• GIVEN DATA:

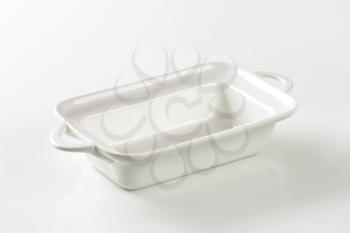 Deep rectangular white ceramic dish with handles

==

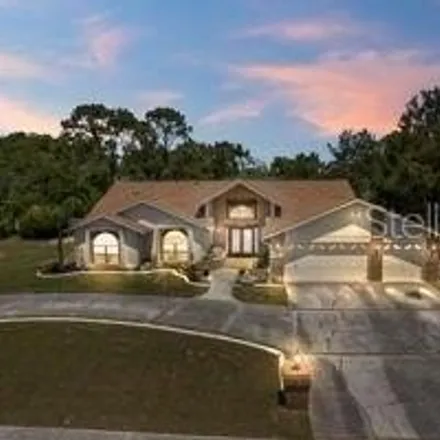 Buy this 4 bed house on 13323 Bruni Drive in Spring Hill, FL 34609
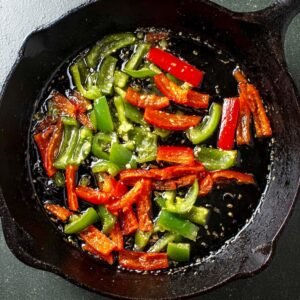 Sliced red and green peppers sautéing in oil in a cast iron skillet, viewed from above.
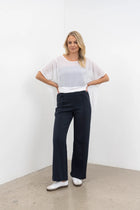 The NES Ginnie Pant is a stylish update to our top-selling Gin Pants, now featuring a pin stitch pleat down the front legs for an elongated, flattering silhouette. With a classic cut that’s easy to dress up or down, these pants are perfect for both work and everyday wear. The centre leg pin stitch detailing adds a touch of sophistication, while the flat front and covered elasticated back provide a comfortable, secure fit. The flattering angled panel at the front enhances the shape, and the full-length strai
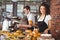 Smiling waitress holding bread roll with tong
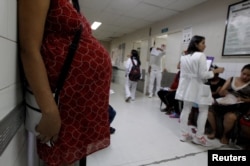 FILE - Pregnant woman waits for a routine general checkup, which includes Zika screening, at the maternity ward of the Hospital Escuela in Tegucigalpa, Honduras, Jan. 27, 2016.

==

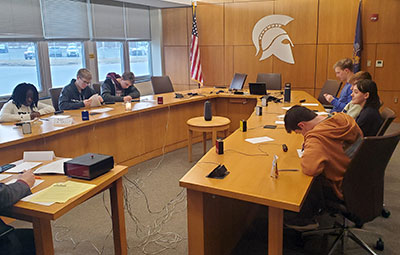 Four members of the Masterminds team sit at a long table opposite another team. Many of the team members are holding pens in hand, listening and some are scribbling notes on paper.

• WORK ITEM:
With pictures omitted, repeat the entries above word for word from the line holding "Sliced red and" down to the line holding "The NES Ginnie", keeping both of those lines.

• REPLY TO THE EXERCISE:
 Sliced red and green peppers sautéing in oil in a cast iron skillet, viewed from above.
 The NES Ginnie Pant is a stylish update to our top-selling Gin Pants, now featuring a pin stitch pleat down the front legs for an elongated, flattering silhouette. With a classic cut that’s easy to dress up or down, these pants are perfect for both work and everyday wear. The centre leg pin stitch detailing adds a touch of sophistication, while the flat front and covered elasticated back provide a comfortable, secure fit. The flattering angled panel at the front enhances the shape, and the full-length strai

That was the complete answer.